Cuando Dean había visto el cuerpo de Sam caer como si fuese una muñeca de trapo, la horrible idea de que ya no estuviese con ellos lo paralizó al punto de que su padre tuvo que zarandearlo para que reaccionará y ayudase a llevar a Sam al auto. Dean había podido respirar con tranquilidad hasta hace diez minutos que su hermano se había dignado a abrir los ojos y caminar con coordinación.

—Casi, pero no —dijo con más calma, notando la lucha interna que tenía Dean—. ¿Podría tener más de ese jugo?

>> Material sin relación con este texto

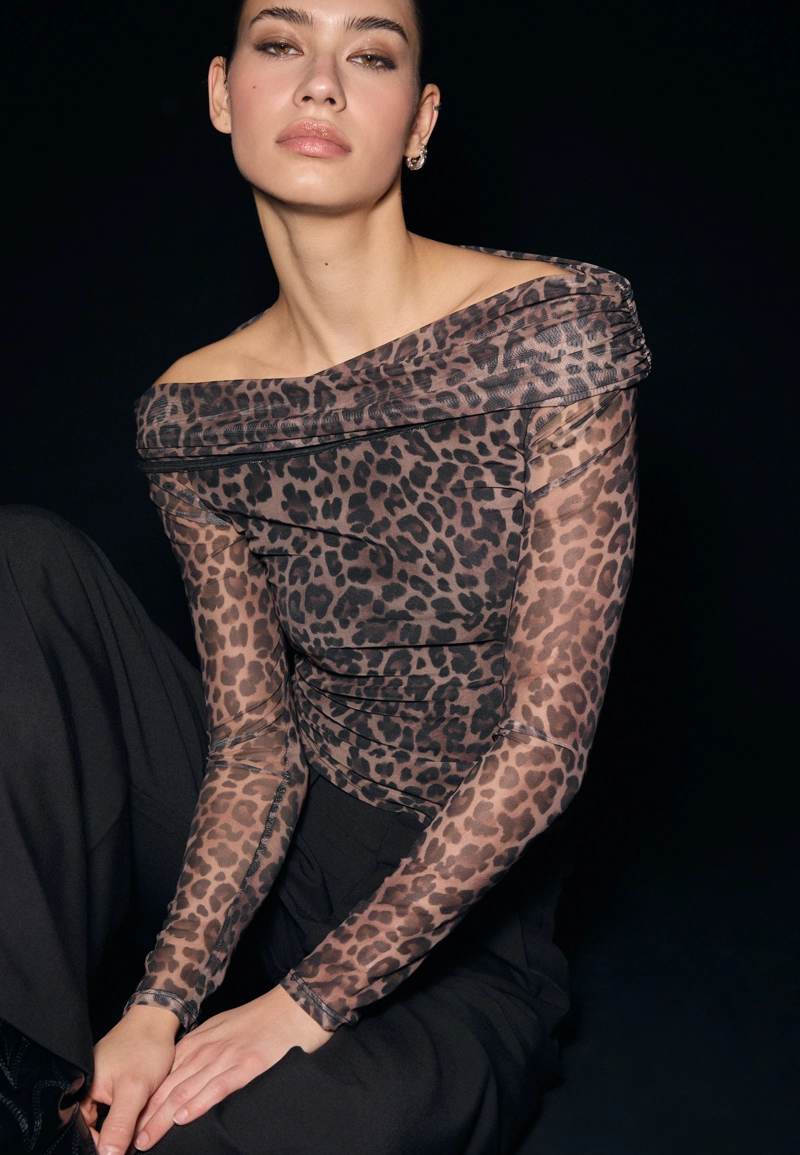 Асимметричная футболка из полупрозрачной ткани с принтом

—Eso y mucho más para el chico que nos salvó de morir. Dios, Sammy eres cómo James Bond siempre listo para cada situación —Dean sonrió grande, el orgullo que sentía hacia su hermano se desbordaba de sus palabras—. Oh y por cierto, deberías de pasarte un poco de crema en la mejilla, se ve como que una lija tuvo una orgía con tu cara.

—Lindo, Dean —Sam puso los ojos en blanco mientras le daba la espalda a Dean y se volvía a meter en el cuarto de baño.

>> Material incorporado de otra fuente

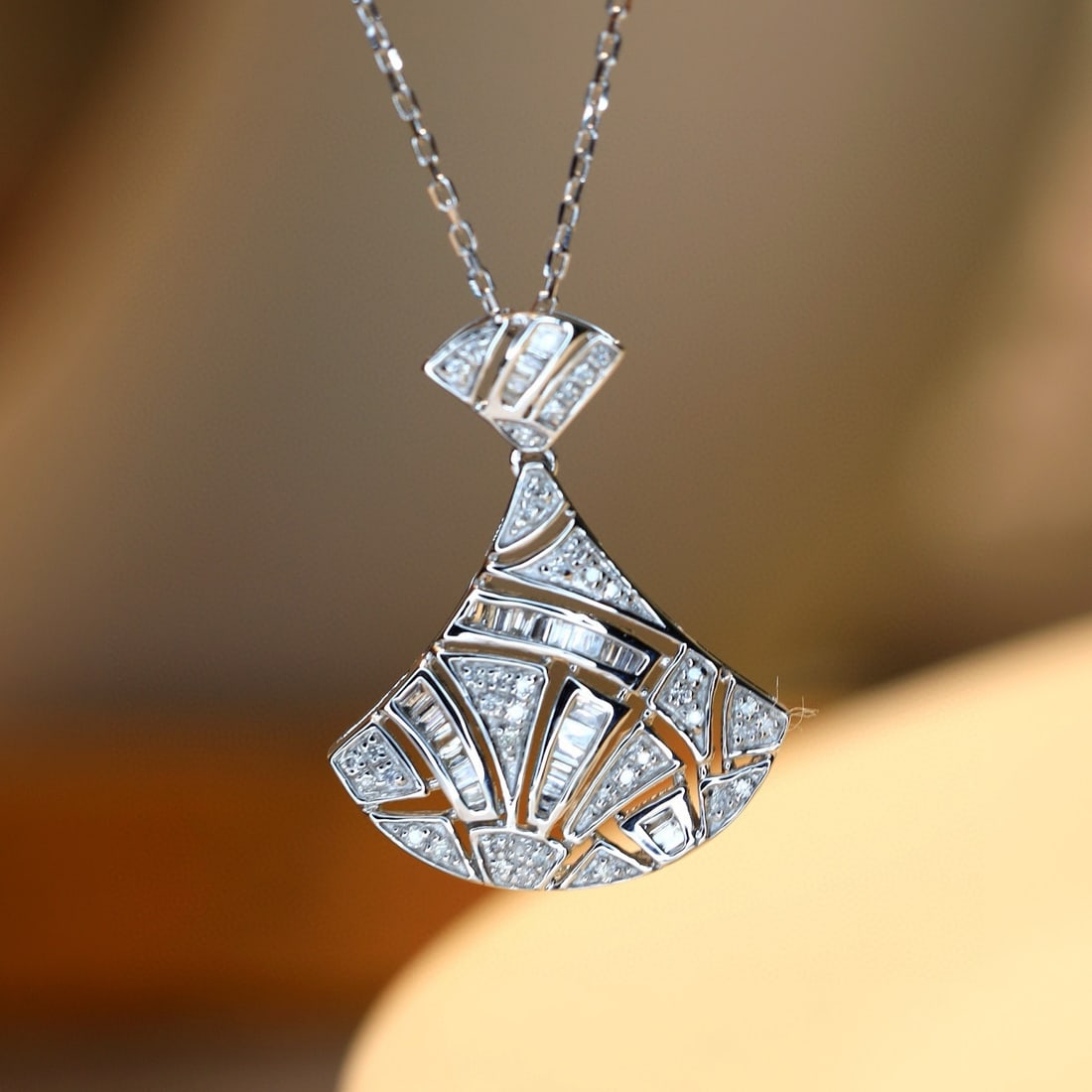 14k Gold 0.4 Ct Natural H Diamond Necklace - 2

Cuando estuvo vestido y listo para salir del baño se detuvo frente al espejo. Dios, Dean tenía razón, su mejilla parecía haber sufrido una exfoliación extrema.

A parte de su mejilla raspada, Sam intentó hallar algo fuera de lo normal, algo que no hubiese estado allí hace unos siete años. Al no encontrar una marca, se centró a olisquear el aire de su entorno, pero todo parecía normal.

Se preguntó que habría querido decir ese demonio al decir lo del aroma. ¿Acaso era un tipo de marca que clasificaba su alma como condenado, algo que exclusivamente los seres del infierno eran capaces de detectar? Al imaginar tal cosa decidió que esa sería la última cacería de demonios que tomarían, no estaba dispuesto a repetir la escena y levantar sospechas.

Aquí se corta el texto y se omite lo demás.